The American Institute of CPAs (AICPA) has long supported expanding the use of Extensible Business Reporting Language (XBRL), or data tagging, in financial reporting both in the government and the private sector. The Institute believes that users of financial and business information benefit from its use as it allows for easier access to more transparent information. With the 113th Congress we have seen the reintroduction of key bills that would expand the use of XBRL in multiple government agencies.
The Digital Accountability and Transparency Act of 2013, or “DATA Act,” was introduced in both the House and Senate in May 2013. Representatives Darrel Issa, a California Republican, and Elijah Cummings, a Maryland Democrat, respectively the Chairman and Ranking Member of the House Oversight and Government Reform Committee, cosponsored the House legislation, H.R. 2061. The Senate version, S. 994, is cosponsored by Mark Warner, a Virginia Democrat, and Rob Portman, an Ohio Republican.
The DATA Act would require nonproprietary data standards to be used for the reporting of financial data and other information by federal agencies. It would also require the Secretary of the Treasury “to establish Government-wide financial data standards for Federal Funds.” While XBRL is not specifically mentioned, it meets all the criteria the bill has set in place.
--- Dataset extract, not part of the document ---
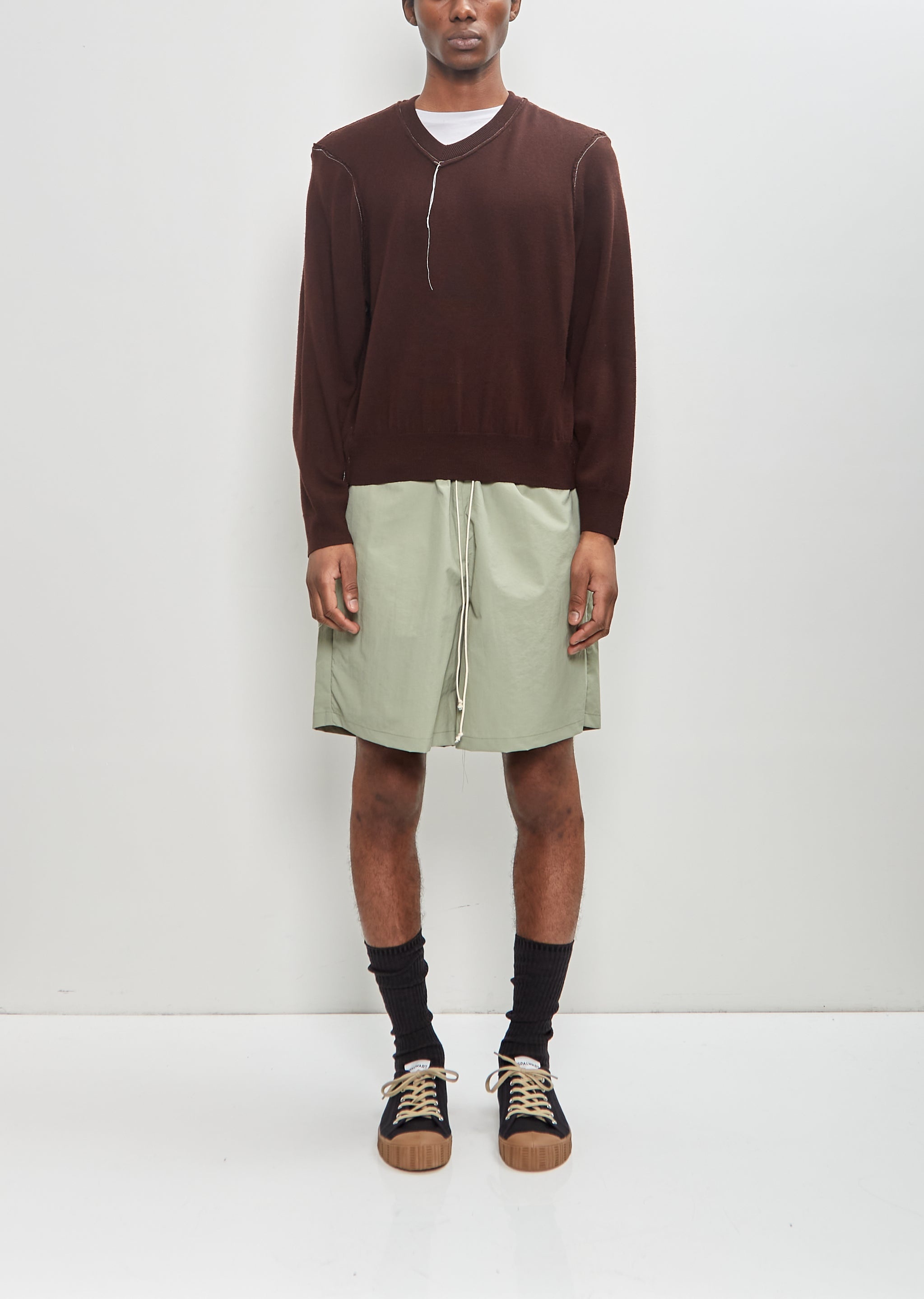 Frankenstein V-Neck Sweater — Brown - 5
The Senate and House versions of this bill are essentially the same. The House version is expected to be considered by the full House in the near future, having been marked up favorably by voice vote in the House Oversight and Government Reform Committee shortly after introduction.
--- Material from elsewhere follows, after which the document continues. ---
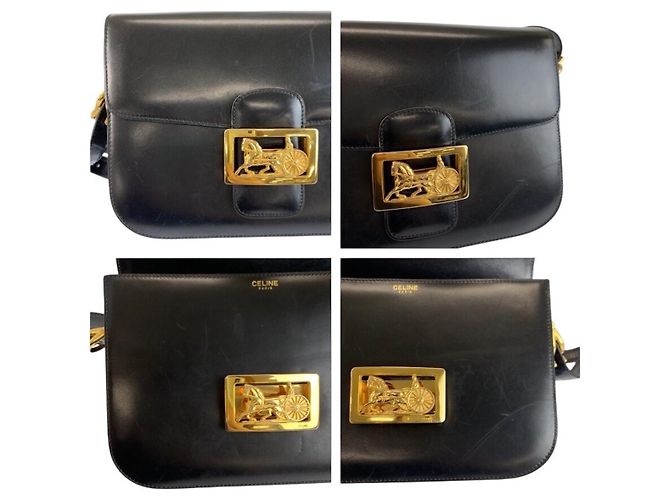 Céline Celine Vintage Leather Schultertasche Pochette Schwarz - Ansicht 5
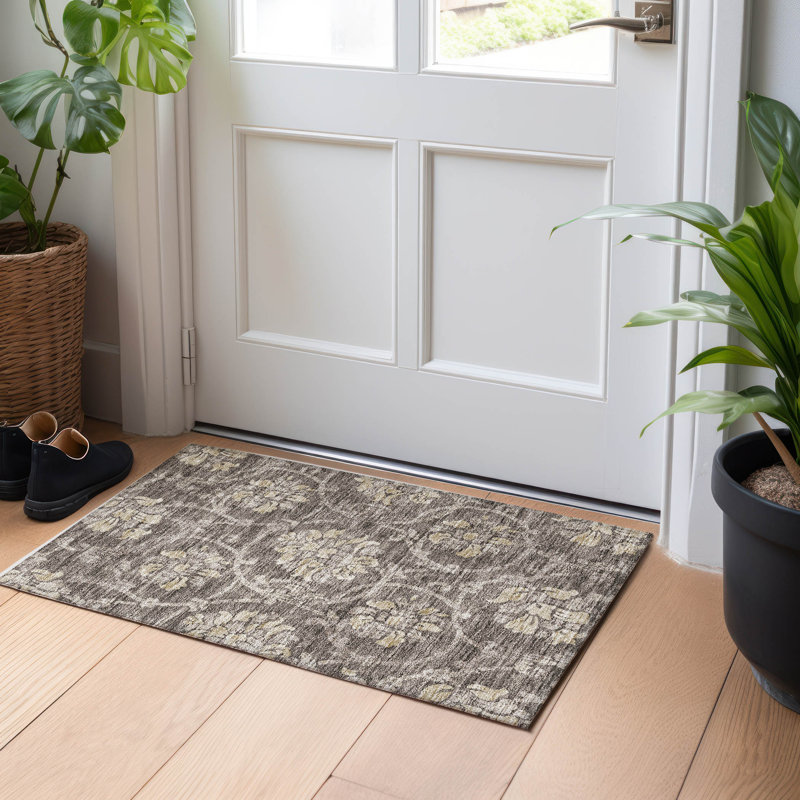 Premium Machine Washable Prisco Brown Rug, Rectangle 1'8" x 2'6"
AICPA President and CEO Barry C. Melancon, CPA, CGMA, wrote letters in support of the DATA Act to both the House and Senate cosponsors in May that stated the bill “appropriately specifies a financial data reporting standard that Federal agencies can implement using a currently available nonproprietary computer language...By utilizing consistent data standards, the Secretary will be able to significantly improve both the Federal government’s and the American public’s ability to analyze information from Federal agencies, providing an unprecedented level of transparency for Federal spending.”
The AICPA supports the data transparency efforts of both these bills, and supports the continued efforts of members of Congress to expand the use of XBRL in the reporting of financial information by government agencies. The reintroduction of these bills affirms that XBRL continues to gain congressional support for enhanced transparency for federal spending and programs.